1937 BTA LEXIS 876 | B.T.A. | 1937

Lead Opinion

OPINION.

Sternhagen :

These proceedings were submitted upon stipulations of facts. They present a single question of law in respect of deficiencies for 1929 and 1930, governed by the Revenue Act of 1928. In each the Commissioner, limiting the petitioner’s depletion allowance in the case of oil wells to 50 percent of the net income from the property, as required by section 114 (b) (3), has treated such net income as reduced by the undisputed development expenses which in the taxable years were taken by the taxpayer as deductions, consistently with an election made in earlier years. The petitioner con*451tends that the net income from the property, 50 percent of which gauges the limitation of the depletion deduction, should be computed without the deduction for such development expenses. The provisions of section 114 (b) (3), Revenue Act of 1928, and section 204 (c) (2), Revenue Act of 1926, are identical in language and, as to the 1926 Act, the petitioner’s contention was completely sustained in Ambassador Petroleum Co. v. Commissioner, 81 Fed. (2d) 474, reversing 28 B. T. A. 868. If the present proceedings were controlled by the 1926 Act, that decision would be controlling and would, without more, require the reversal of the Commissioner’s present determinations. Mountain Producers Corporation, 34 B. T. A. 409 (on review, C. C. A., 10th Cir.).

But the Commissioner argues that the present cases áre distinguishable from Ambassador Petroleum Co. v. Commissioner, supra, because they arise under the 1928 Act and are therefore affected by article 221 (i) of Regulations 74, in which the net income from the property, for the purpose of the 50 percent limitation on depletion, is required to be reduced by the amount of development expenses if they have been taken as a deduction in the determination of taxable net income. Thus the Commissioner, by virtue alone of his regulation, seeks an interpretation of the identical terms of the 1928 Act different from the authoritative judicial interpretation of such terms in the 1926 Act. This would give to his regulation a sanction greater than that of the adjudicated meaning of the same term. This is without support. To the contrary, if the meaning of the expression in the 1928 Act were not controlled by the adjudication under the 1926 Act, there would still be support for finding the same meaning in the 1928 Act because of the manifest legislative intention found in the House and Senate reports on the 1928 bill. These, like their predecessors, treat the term “net income from the property” in the depletion section as meaning operating income, a meaning which had been adopted in the administration of the statute. The court held also that reason leads to the same meaning. The Commissioner is without power to change this meaning by a regulation.

The Commissioner says that since the petitioner has elected to deduct its development expenses, the effect of this deduction must be treated as inherent in the election. The election, however, was made long before percentage depletion or its limitation was contemplated.
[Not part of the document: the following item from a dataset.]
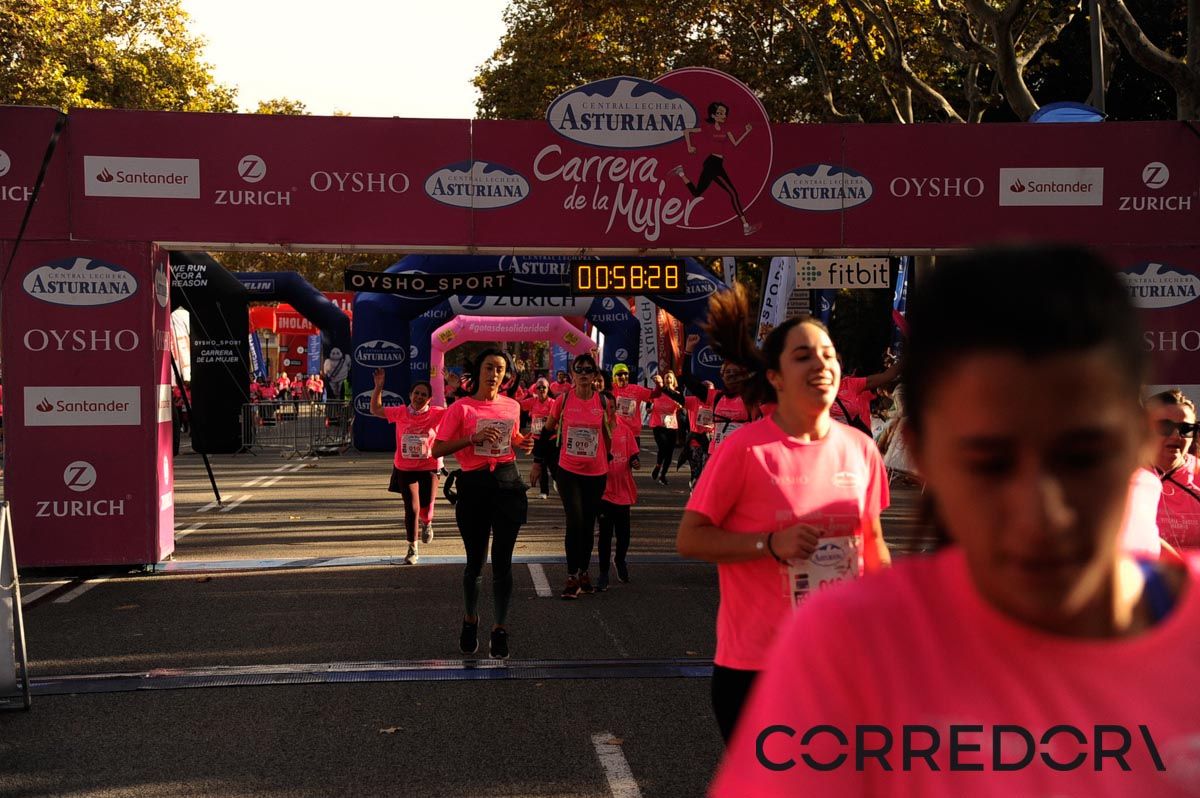 Llegada de la Carrera de la Mujer de Barcelona (ARCO DERECHO 21)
Prior to 1926 the effect of the election was to establish a consistent practice as between deduction and capitalization of development expenses for the purpose of computing taxable net income of the year. This consequence of the election is still effective, but there is no equitable consideration which requires its expansion to reduce the depletion allowance, a consequence unthought of when the election was made.

*452It results that for years controlled by the Revenue Act of 1928, the taxpayer is entitled to have the 50 percent limitation of its depletion allowance computed upon the net income from the property without reduction by the amounts deducted by it in the taxable years as development expenses or the related depreciation.

Judgment will be entered under Buie 50.